According to David Reilly in a recent Bloomberg column, the numbers prove that mark-to-market isn’t having the perverse pro-cyclical effects many commentators have claimed they do.
He writes, “Of the $8.46 trillion in assets held by the 12 largest banks in the KBW Bank Index, only 29 percent is marked to market prices, according to my analysis of company data.” Ok: But 29 percent is far from a trivial percentage, especially of such a large number; and the measure may be less important than the percentage these assets make of net assets (a percentage which would of course be higher).
Reilly worries that investors need more, not less, mark-to-market accounting in order to have confidence in companies–a fear that ignores the distinction between adjusting the rules for regulatory-capital purposes (which is what most reformers want) and adjusting it for disclosure purposes. Only by ignoring that distinction can Reilly claim Fed chairman Ben Bernanke for his side of the argument. Bernanke “reiterated his support for the principle of marking to market,” as Reilly puts it, but also supported taking a look at its impact on regulatory capital.
This passage also strikes me as undermining rather than strengthening Reilly’s case.

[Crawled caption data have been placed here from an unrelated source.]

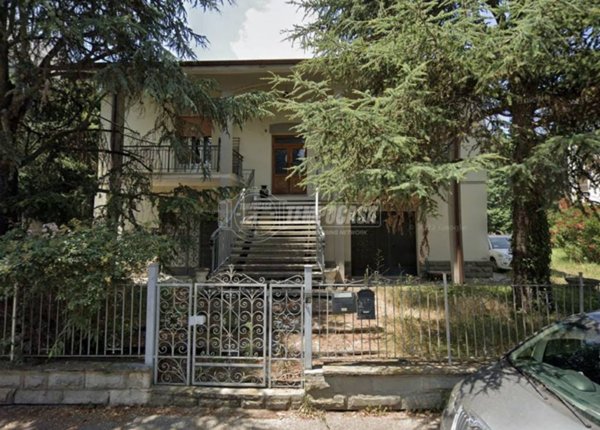 casa indipendente in vendita a Cento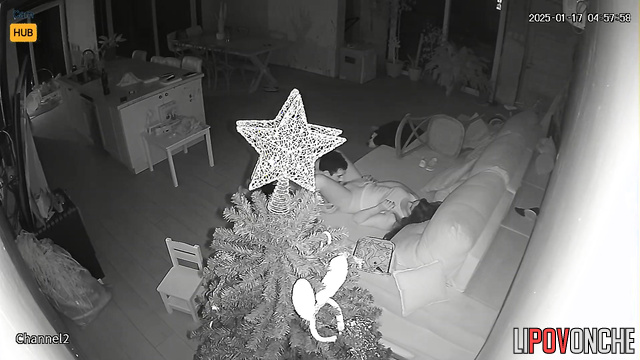 Hot oral sex on New Year's Eve (watch the couple if you want)
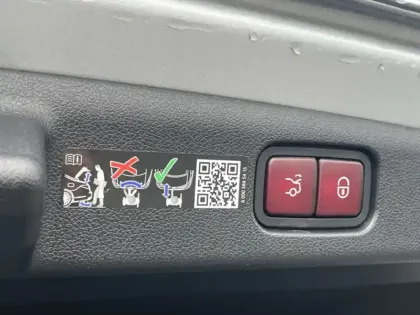 Photo 17 Mercedes Classe E Berline 220 d AMG Line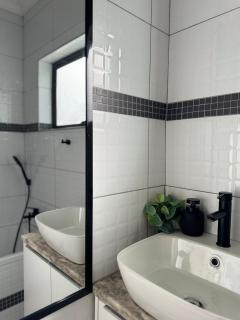Prime 3bedroom Guest & Self-Catering Accomodation - Windhoek - 4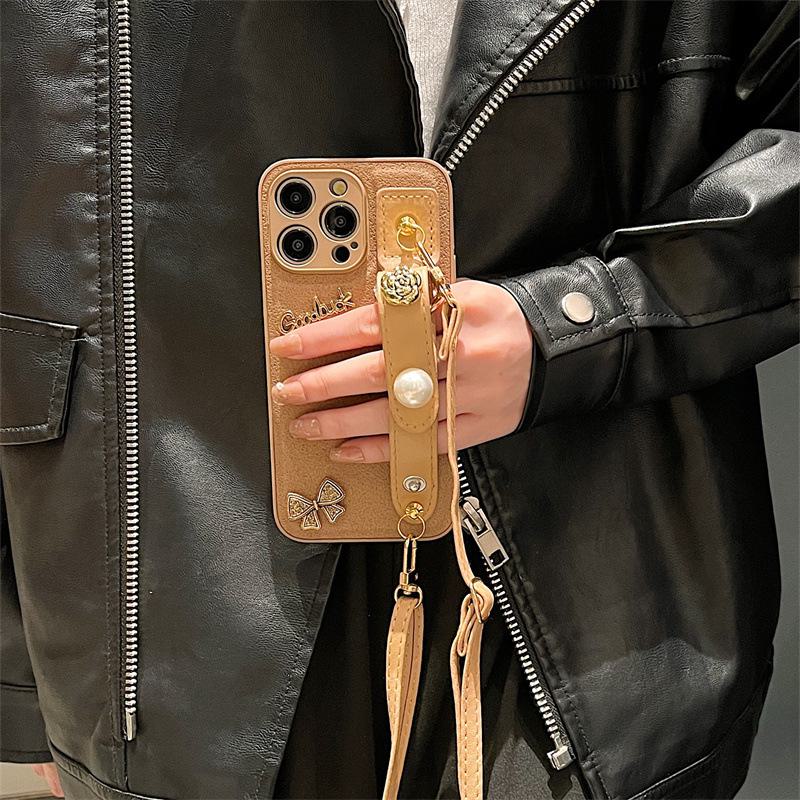 Etui na telefon Apple 15Promax: Pełny pakiet ze skórą Pit Grain, skośny wiszący skórzany pasek na nadgarstek z perłą, metalowe detale. 12-miesięczna gwarancja.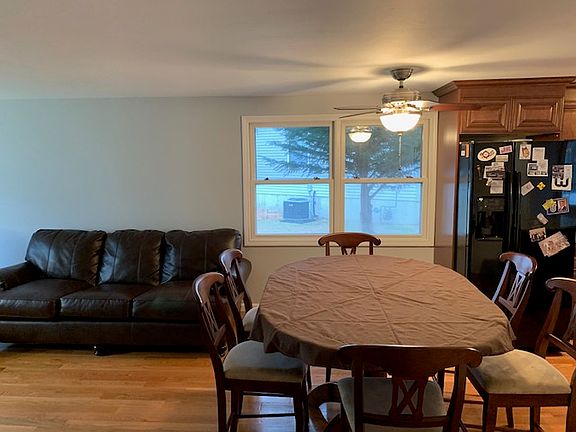 4th image of 16 Persimmon Ln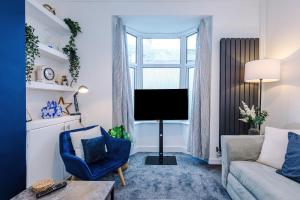 4 Bed 2 Bath Sleeps 6 Central Crewe Contractor Long Stay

Consider the refrain that banks can’t mark assets to market prices because markets are frozen. Of the 12 banks in the KBW that I reviewed, only 5 percent of total assets on average were designated as being hard to value because market-based prices weren’t available.
These so-called mark-to-myth assets represented 58 percent on average of total shareholders’ equity among the banks. They fall, though, to just 16 percent of equity if the Big Four banks — Bank of America Corp., Citigroup Inc., JPMorgan Chase & Co. and Wells Fargo & Co. — are excluded.
First, again, it seems as though the 58 percent figure is more relevant than the 5 percent one. Second, I don’t know why you would exclude those companies. Third, for them, the “mark-to-myth” assets must be higher than 58 percent–possibly much higher. And fourth, isn’t there a counterparty risk problem that Reilly isn’t looking at? A lot of companies deal with the Big Four or deal with companies who do.